Syeikh H. Sulaiman Ar-Rasuli, Bukittinggi dengan Surau Candung Baso Bukittinggi, sekarang bernama Tarbiah Islamiah. Syeikh H. lbrahim Musa, Parabek, Bukittinggi yang terkenal dengan Surau Parabek yang sampai sekarang masih ada. Syeikh H. M. Jamil Jaho, Padang Panjang dengan Surau Jaho di Padang Panjang, yang sekarang bernama Tarbiah Islamiah. Syeikh H. Abbas Abdullah, Padang Japang, Payakumbuh dengan Surau Padang Japang yang sampai sekarang masih ada dengan nama Darul Funun Abbasiah. Syeikh H. Abdul Wahid, Tabek Gadang, Padang Japang, Payakumbuh dengan Surau Tabek Gadang yang sekarang bernama Tarbiah Islamiah.

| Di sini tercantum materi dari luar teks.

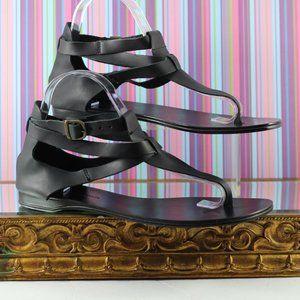 NWOT EMU Black Leather sandals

Syeikh M. Saad, Mungkar, Payakumbuh dengan Surau Mungkar. Syeikh H. Mustafa Abdullah, saudara Syeikh H. Abdullah Padang Japang. Syeikh Daud Rasyidi (1880-1948) Syeikh Abdullah Khatib, Ladang Lawas, Bukittinggi, Syeikh M. Jamil Tungkar, Batusangkar, Syeikh Tuanku Kolok, Sungayang, Batusangkar, Syeikh Abdul Manaf Padang Ganting, Batusangkar, Syeikh M. Saleh, Padang Kandis, Suliki, Payakumbuh, Syeikh Abdullah, Padang Japang, Payakumbuh, Syeikh Ahmad, Alang Lawas, Padang. Syeikh Amarullah, Maninjau, Bukittinggi. Surau Syeikh Abdulah Khatib Ladang laweh, Surau Syeikh Muhammad Jamil Tungkar, Surau Syeikh Tuanku Kolok M.Ali di Sungayang, Surau Syeikh Abdul Manan Padang Gantiang.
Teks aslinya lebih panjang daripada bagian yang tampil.